Data to process:

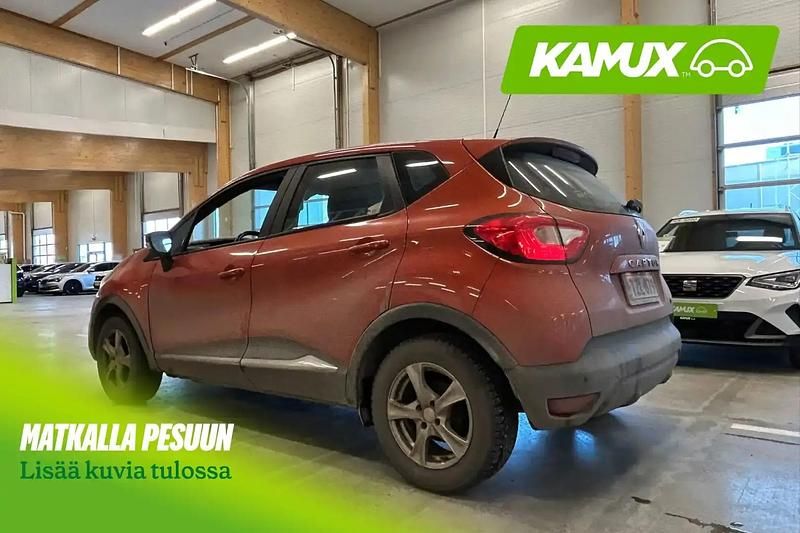 Käytetty Renault Captur 120 HP (88 kW) 2015 Oranssi Katumaasturi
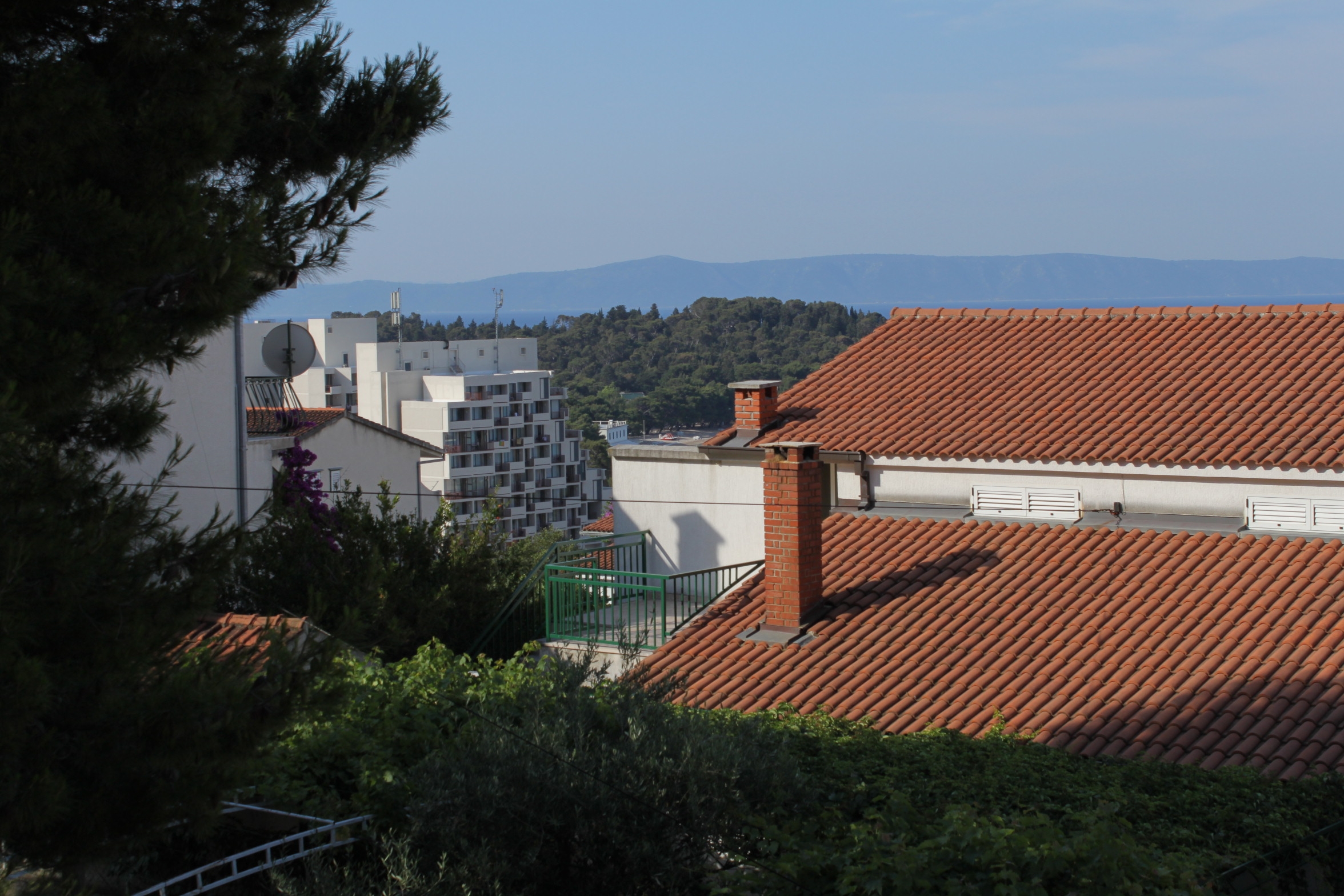 Two bedroom apartment with terrace and sea view Makarska  A-a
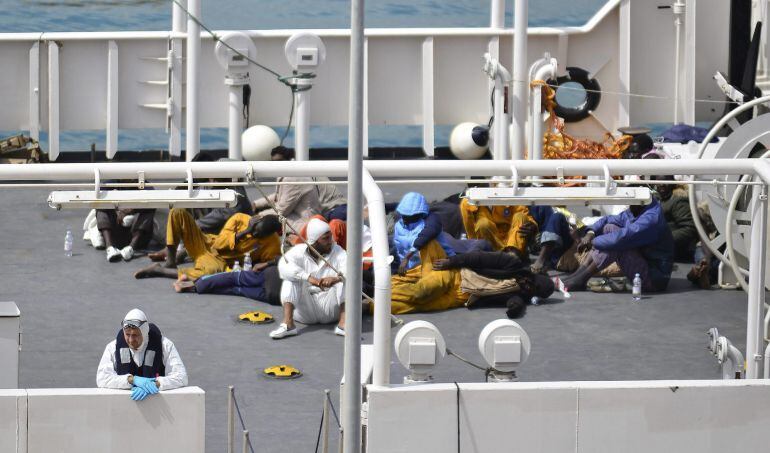 MAL21 HAY WHARY (MALTA) 20/04/2015.- Inmigrantes descansan tras haber sido rescatados a bordo del barco Gregoretti en el puerto de la Valeta en Malta hoy, lunes 20 de abril de 2015. Los cadáveres de 24 inmigrantes del último naufragio en el Canal de Sicil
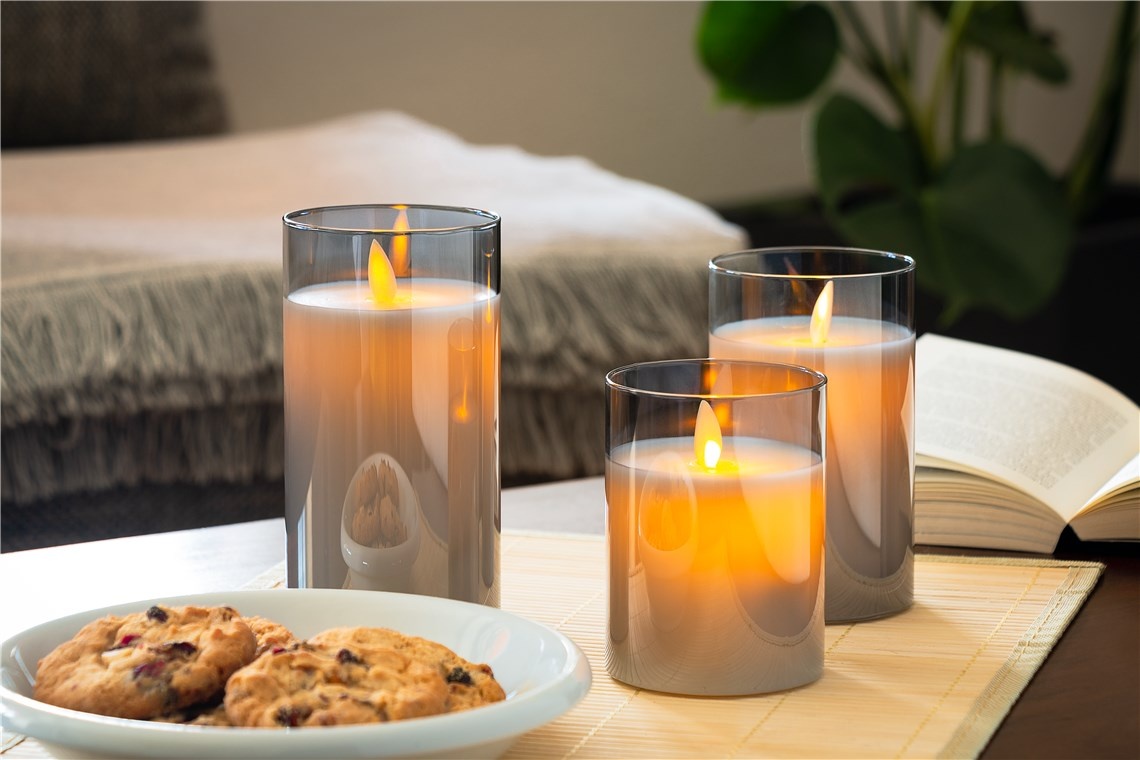 Goobay Set of 3 LED Real Wax Candles in Glass, Grey-Transparent, incl. 10x AAA (LR03) - Afbeelding 5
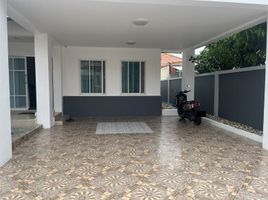 3 спален Дом в аренду в Phuket Villa Chaofah 2, Wichit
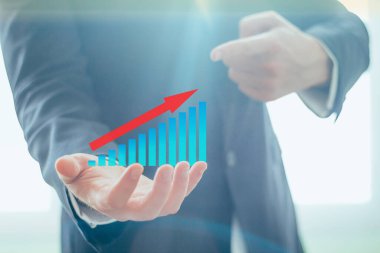 İş adamlarının iş grafiği trendinde el ele tutuşmalarını kapat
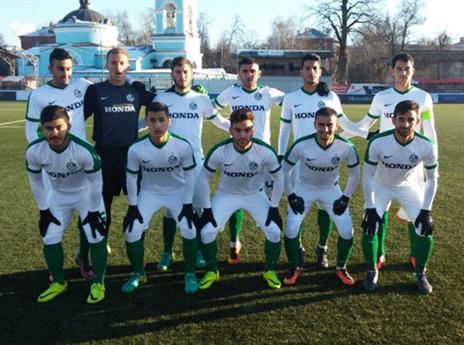 הקור המוסקבאי לא הרתיע. שחקני הנוער של חיפה (צילום: האתר הרשמי)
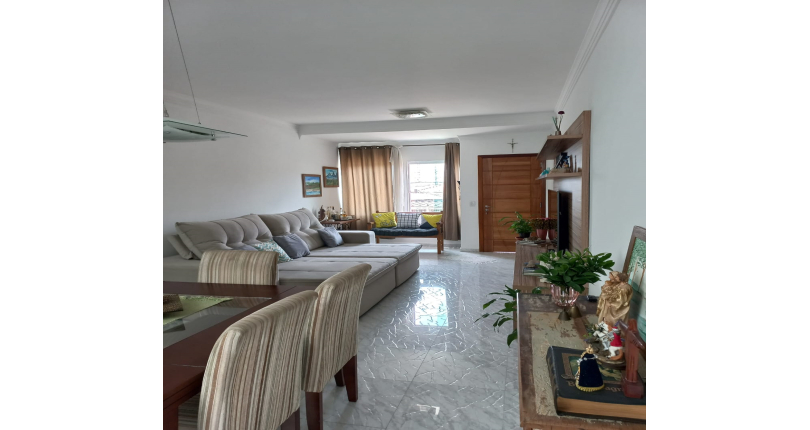 Lindo Sobrado à venda no Parque São Domingos na Rua Homero Sales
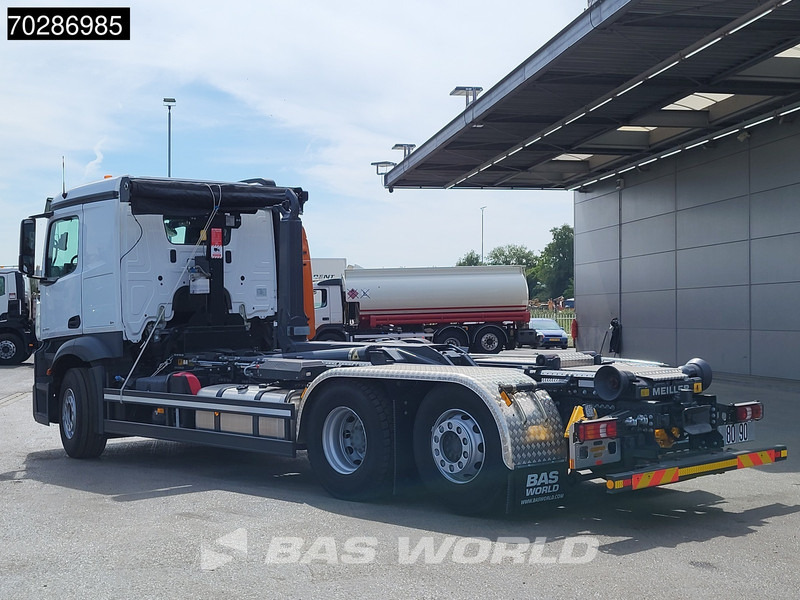 Mercedes-Benz Actros 2745 6X2 NEW! Meiller RS21-70 Abrollkipper Lift-Lenkasche Retarder PPC Navi Automatic - משאית הרמת וו: תמונה 5 Mercedes-Benz Actros 2745 6X2 NEW! Meiller RS21-70 Abrollkipper Lift-Lenkasche Retarder PPC Navi Automatic - משאית הרמת וו: תמונה 5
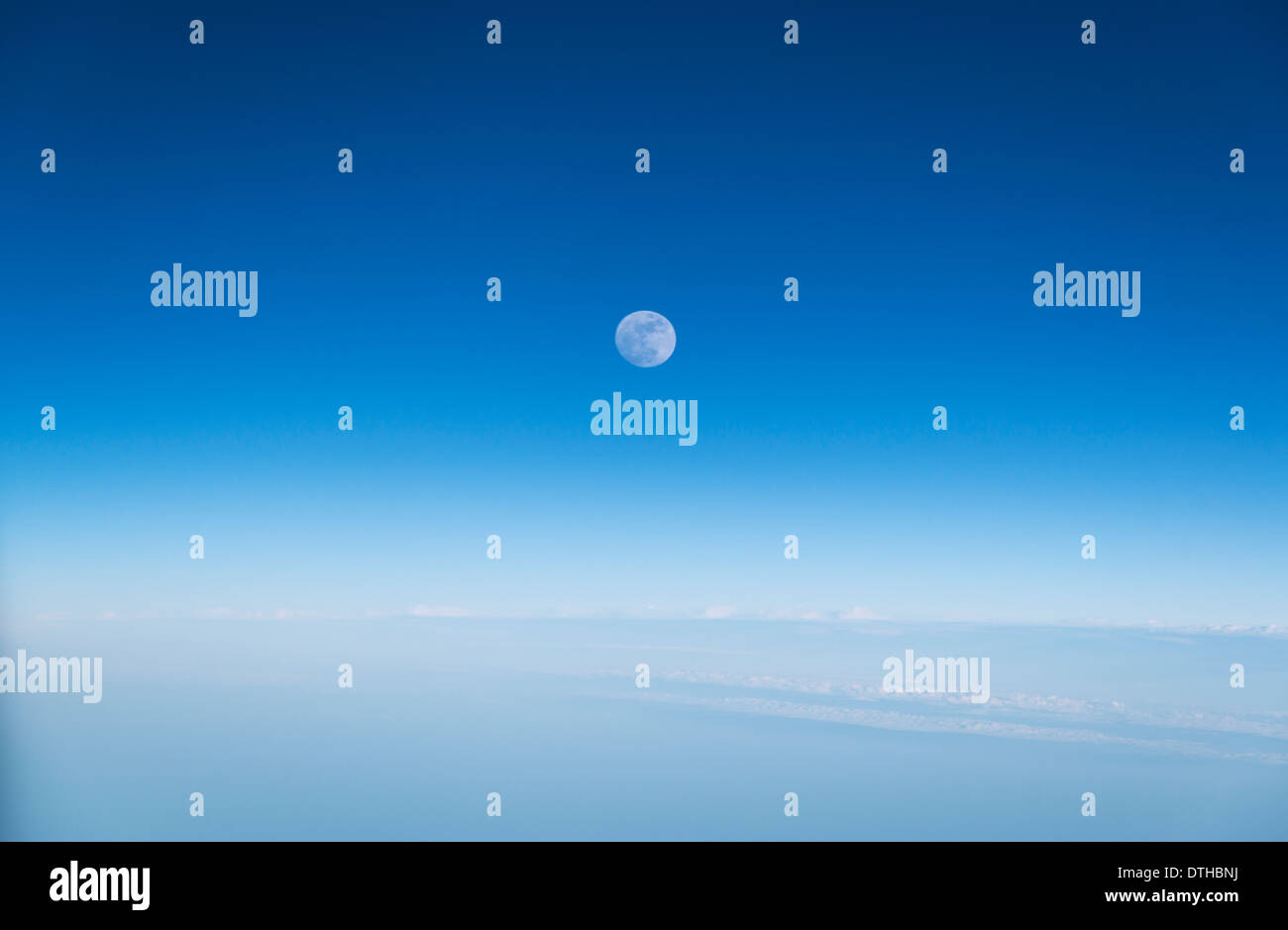 Pleine lune dans un ciel bleu. Banque D'Images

Problem to solve:
Please restate the whole listing exactly, without any of its pictures.

Reply to the exercise:
 Käytetty Renault Captur 120 HP (88 kW) 2015 Oranssi Katumaasturi
 Two bedroom apartment with terrace and sea view Makarska  A-a
 MAL21 HAY WHARY (MALTA) 20/04/2015.- Inmigrantes descansan tras haber sido rescatados a bordo del barco Gregoretti en el puerto de la Valeta en Malta hoy, lunes 20 de abril de 2015. Los cadáveres de 24 inmigrantes del último naufragio en el Canal de Sicil
 Goobay Set of 3 LED Real Wax Candles in Glass, Grey-Transparent, incl. 10x AAA (LR03) - Afbeelding 5
 3 спален Дом в аренду в Phuket Villa Chaofah 2, Wichit
 İş adamlarının iş grafiği trendinde el ele tutuşmalarını kapat
 הקור המוסקבאי לא הרתיע. שחקני הנוער של חיפה (צילום: האתר הרשמי)
 Lindo Sobrado à venda no Parque São Domingos na Rua Homero Sales
 Mercedes-Benz Actros 2745 6X2 NEW! Meiller RS21-70 Abrollkipper Lift-Lenkasche Retarder PPC Navi Automatic - משאית הרמת וו: תמונה 5 Mercedes-Benz Actros 2745 6X2 NEW! Meiller RS21-70 Abrollkipper Lift-Lenkasche Retarder PPC Navi Automatic - משאית הרמת וו: תמונה 5
 Pleine lune dans un ciel bleu. Banque D'Images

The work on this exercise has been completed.